** INFORMATION follows **
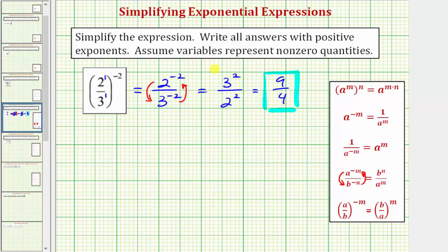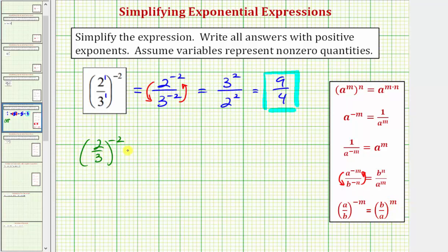Let's take a look at this another way. Beginning with two-thirds raised to the power of negative two, if we take a look at this last exponent property, if we have a over b raised to the power of negative m, this is equal to the reciprocal of a over b, which would be b over a raised to the power of positive m. So applying this exponent rule, two-thirds to the negative two would be equal to three-halves to the power of positive two.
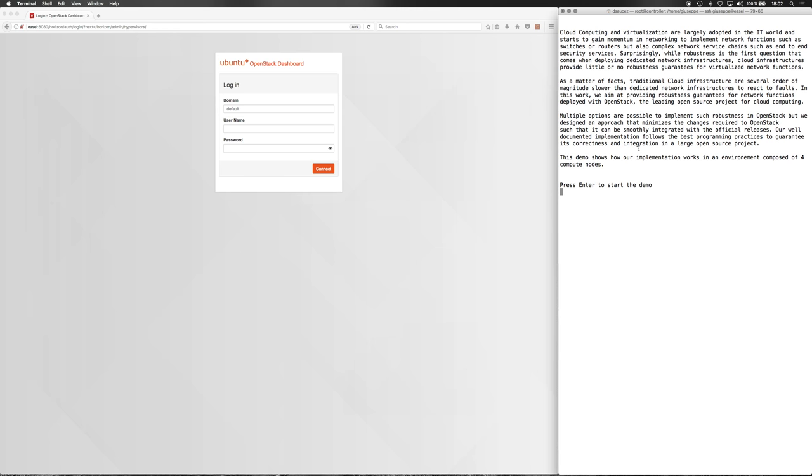In this work, we aim at providing robustness guarantees for network functions deployed with OpenStack, the leading open source project for cloud computing.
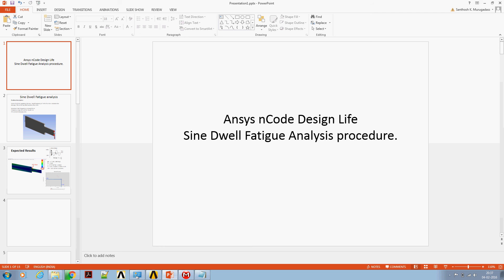This video is to demonstrate and discuss the step-by-step procedure of setting up a sine-dwell fatigue analysis using ANSYS nCode Design Life.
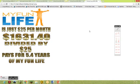My Fun Life is $25 a month. So if you divided $1,631.40, your savings, into that, you would pay for 5.4 years of a My Fun Life membership. Worth it? You bet.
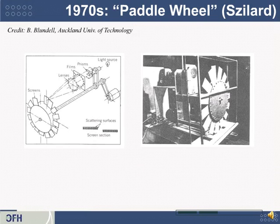Another way to do this is to move the screen back and forth. This is a paddle wheel-based display from the 1970s where the paddles rotate and in doing so translate towards and away from the viewer. While that happens, light shines through film to show slices of an image. I think this was used to show three-dimensional ultrasound.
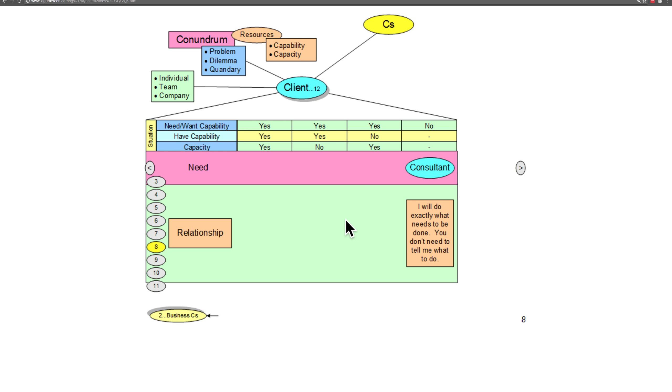Next, we have the situation where the client doesn't have the capability and doesn't want to do it anyway. In this situation, the client is looking for a consultant.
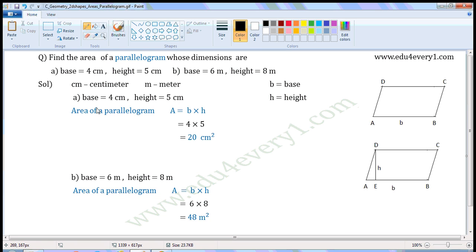The units of base and height are cm, so the units of area will be cm square.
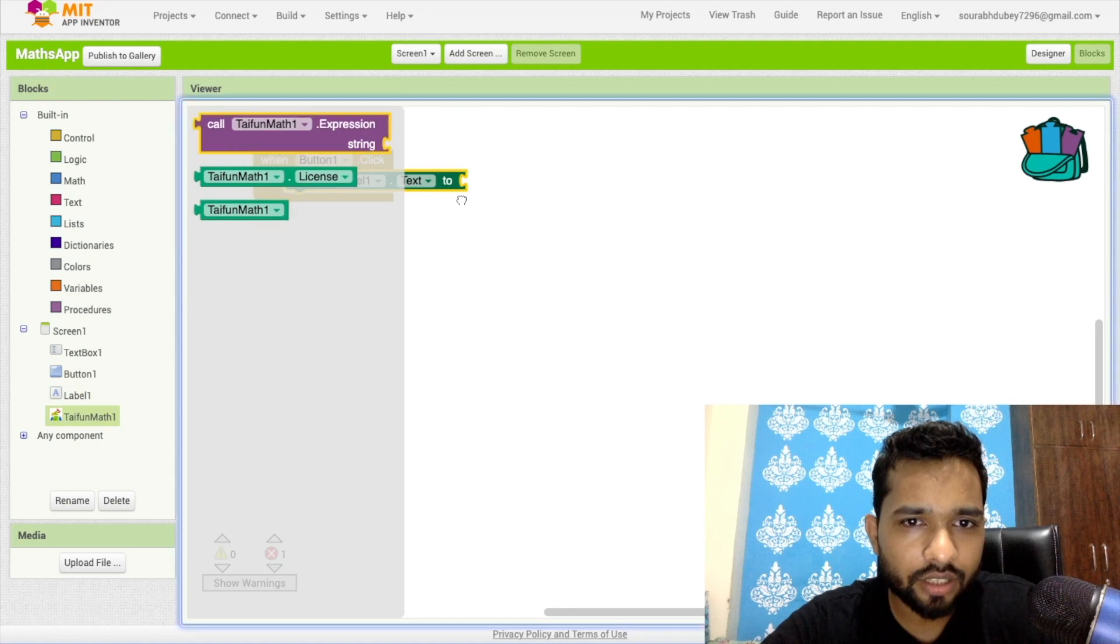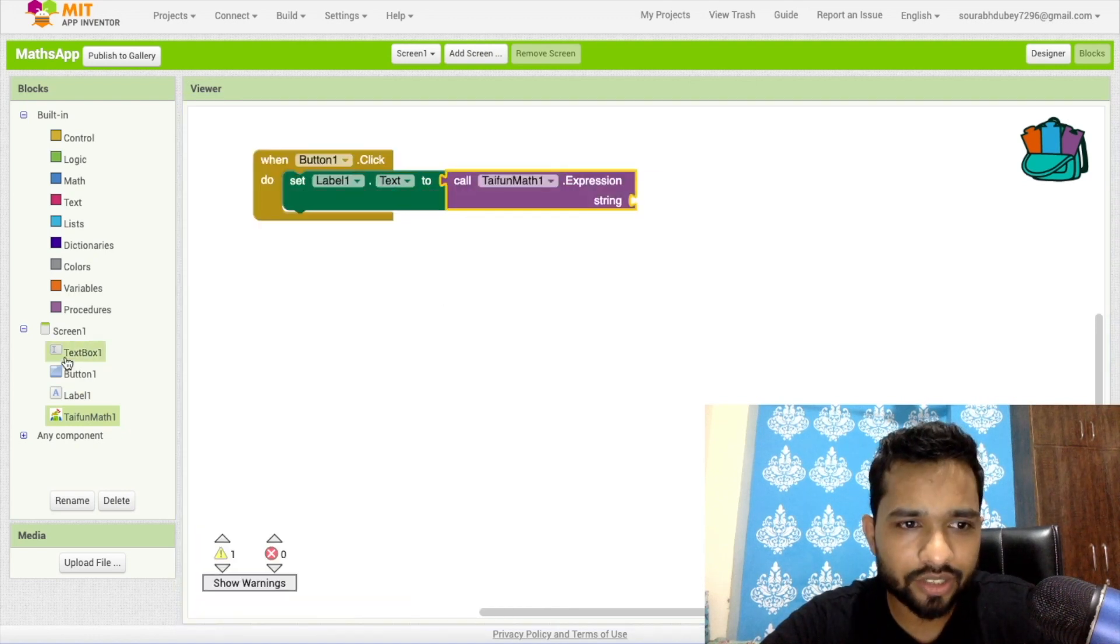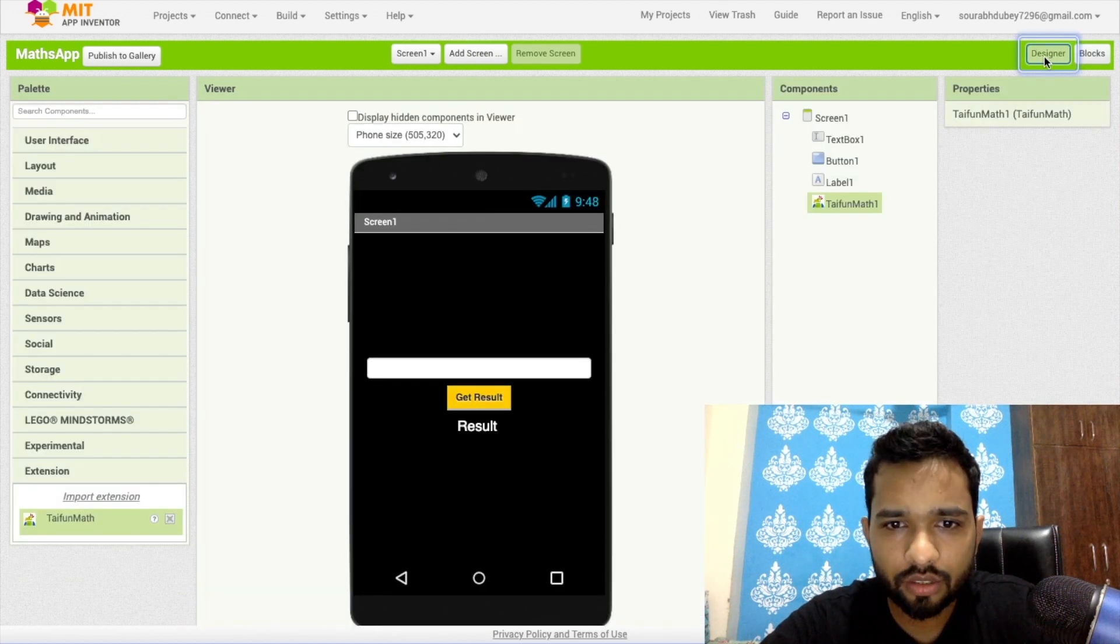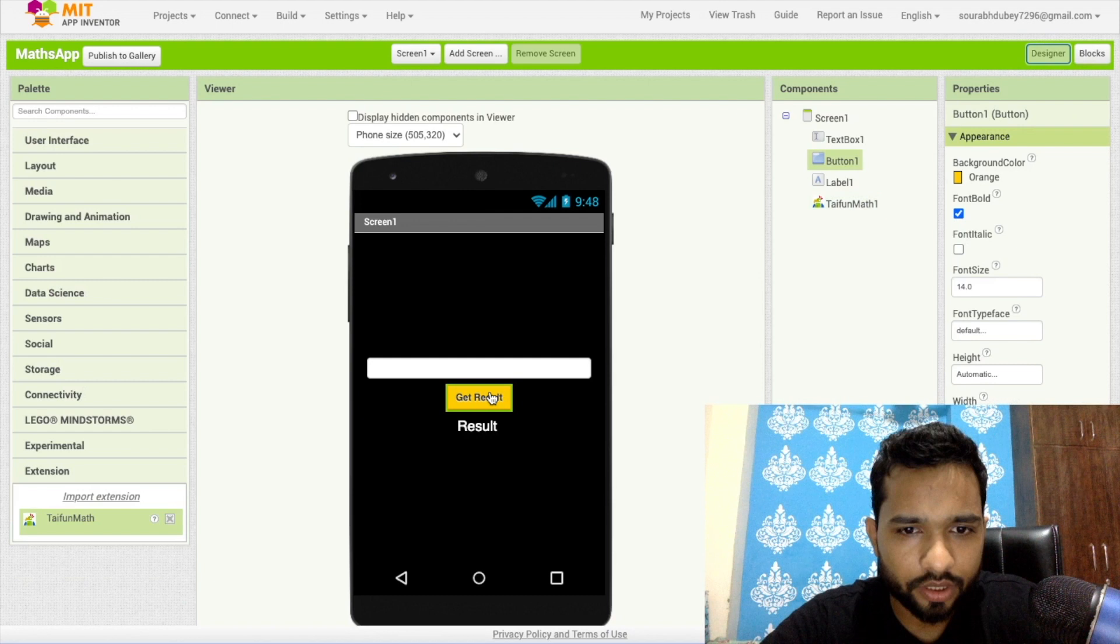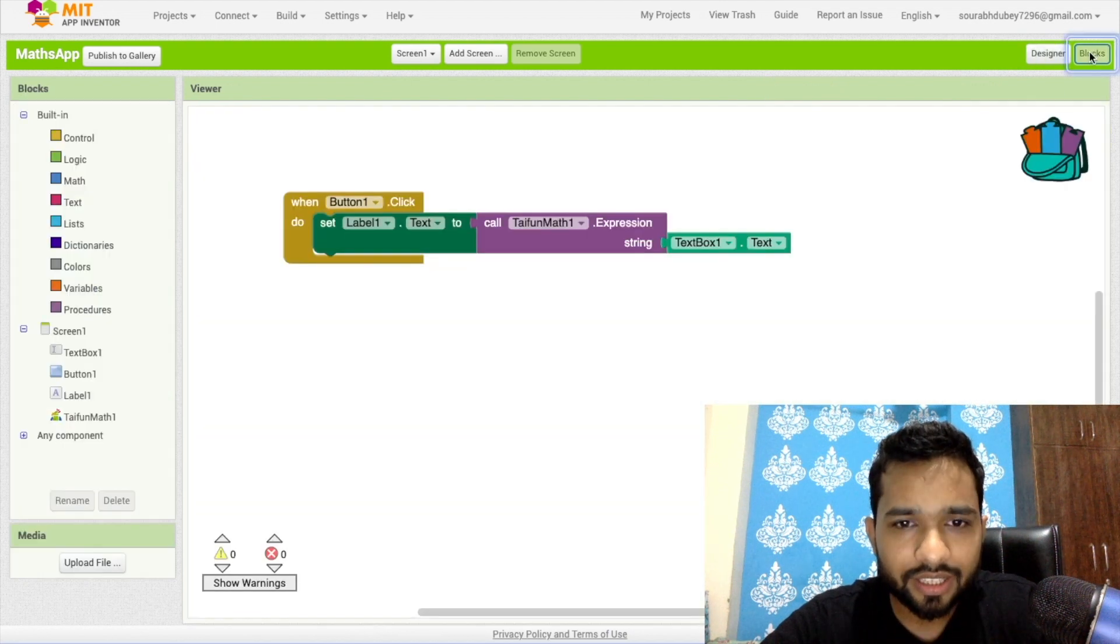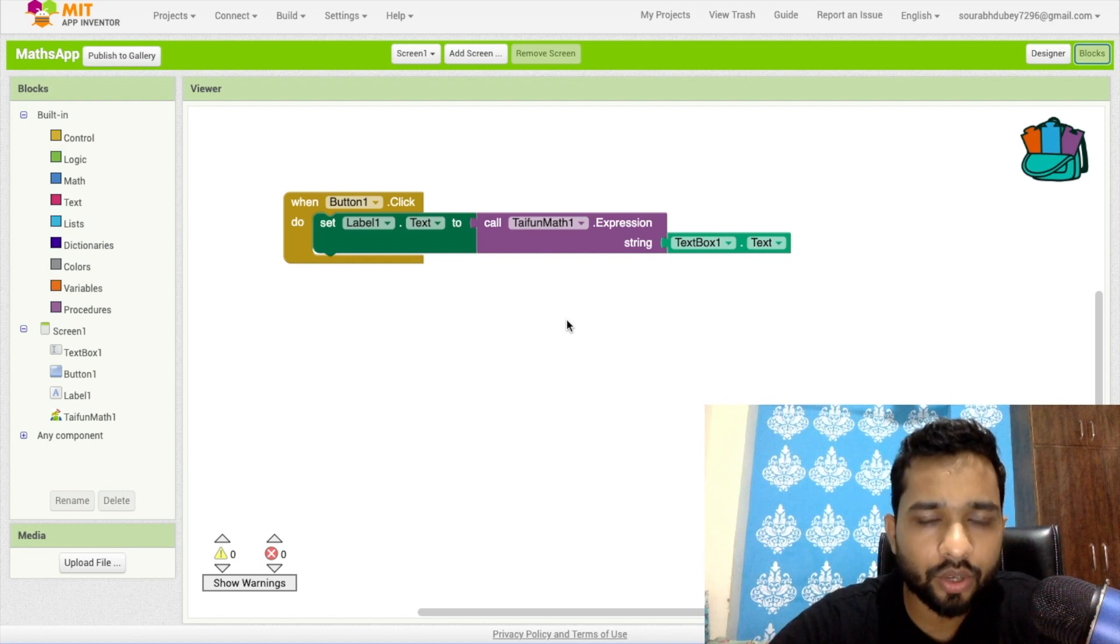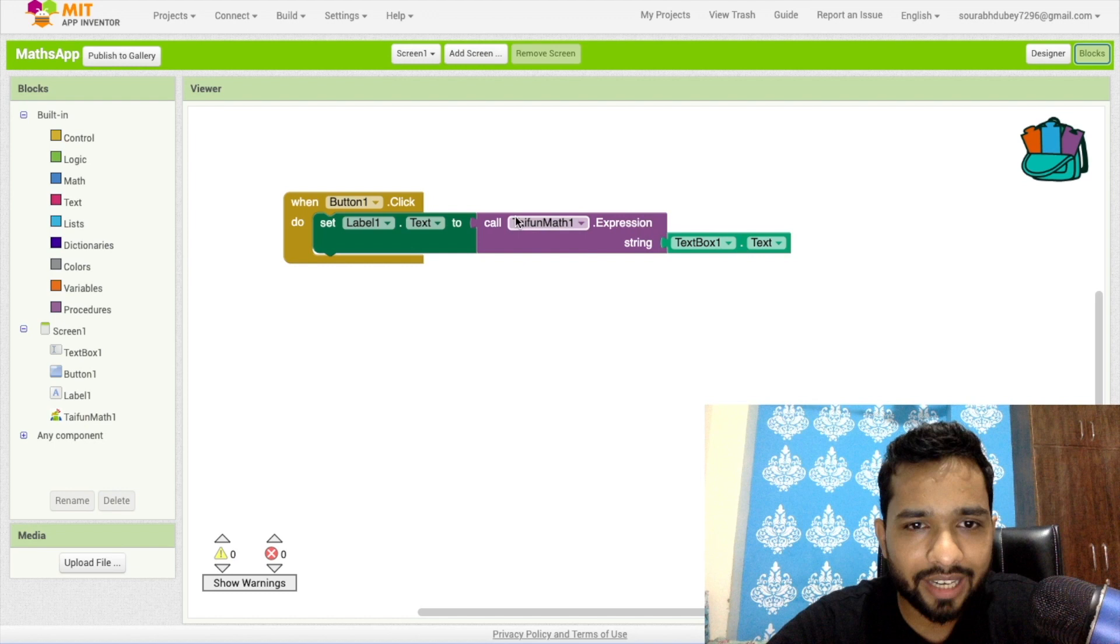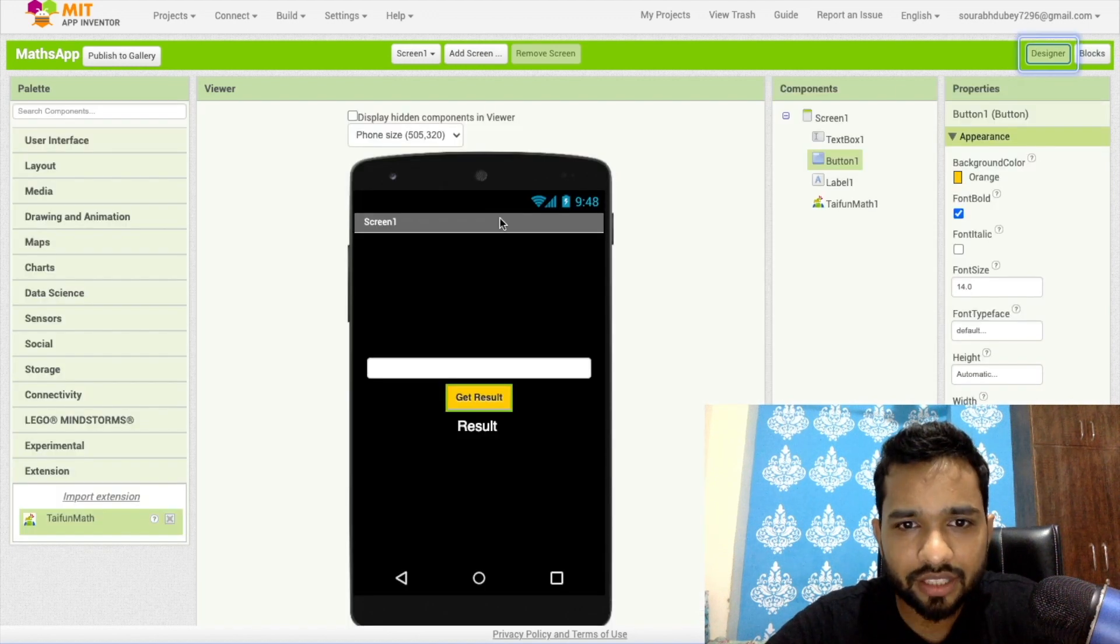...call this here, and the string should be TextBox1.text. Then go to the design. So what will happen here? Whenever I click on this button, this button will get the TextBox1.text. It means it can be anything, any formula or anything, and that extension solves the problem and displays it in Label1. That's it.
** End of INFORMATION **
● **WHAT TO DO**: Retype, word for word, only the lines from the line with "The units of base" to the final line of the listing above; the pictures do not belong in the copy.

● **EXERCISE RESPONSE**:
The units of base and height are cm, so the units of area will be cm square.
...call this here, and the string should be TextBox1.text. Then go to the design. So what will happen here? Whenever I click on this button, this button will get the TextBox1.text. It means it can be anything, any formula or anything, and that extension solves the problem and displays it in Label1. That's it.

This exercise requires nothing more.